NLRB’s Coordinated Campaign on “Concerted Activity”

Tuesday, January 8th, 2013

Some might assume that nonunion workplaces cannot be affected by the rulings of the National Labor Relations Board (NLRB) but that is simply not the case.  One easy way for the Board to extend its jurisdiction is to redefine certain activity in the context of a unionization campaign.

The Wall Street Journal editorial board notes how NLRB Acting General Counsel Lafe Solomon has helped shift the definition of “concerted activity” by condemning class action lawsuit limitations in a company’s arbitration agreement and considering social media interactions under that same rule. “[C]oncerted activities,” found in Section 7 of the National Labor Relations Act (NLRA), are defined in the context of employees intending to engage in collective bargaining or other collective action. 

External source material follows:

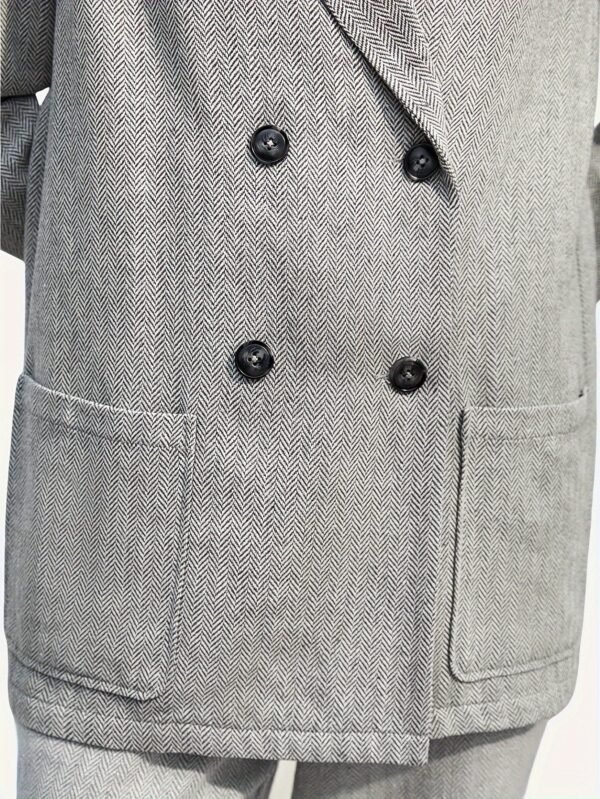 Double Breasted Lapel Pockets Blazer, Elegant Long Sleeve Outwear For Office & Work, Women's Clothing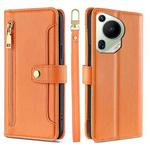 For Huawei Pura 70 Ultra 5G Sheep Texture Cross-body Zipper Wallet Leather Phone Case(Orange)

Solomon’s definition isn’t how it was supposed to be, according to the editors:

Lawmakers worried at the time that companies would impose work rules dissuading employees from communicating about a union. “Protected concerted activity” ensured that employees could freely gather around the proverbial water cooler. Yet as workplaces modernized and workers obtained other protections, successful complaints about violations of “concerted activity” became rare.

The much-awaited Roundy’s decision may also extend concerted activity to a company’s e-mail system.

Not long after the faux-recess appointments were made to the Board last year, the NLRB has made it clear that it would focus on concerted activity. The NLRB is following through and grabbing more power as it goes along.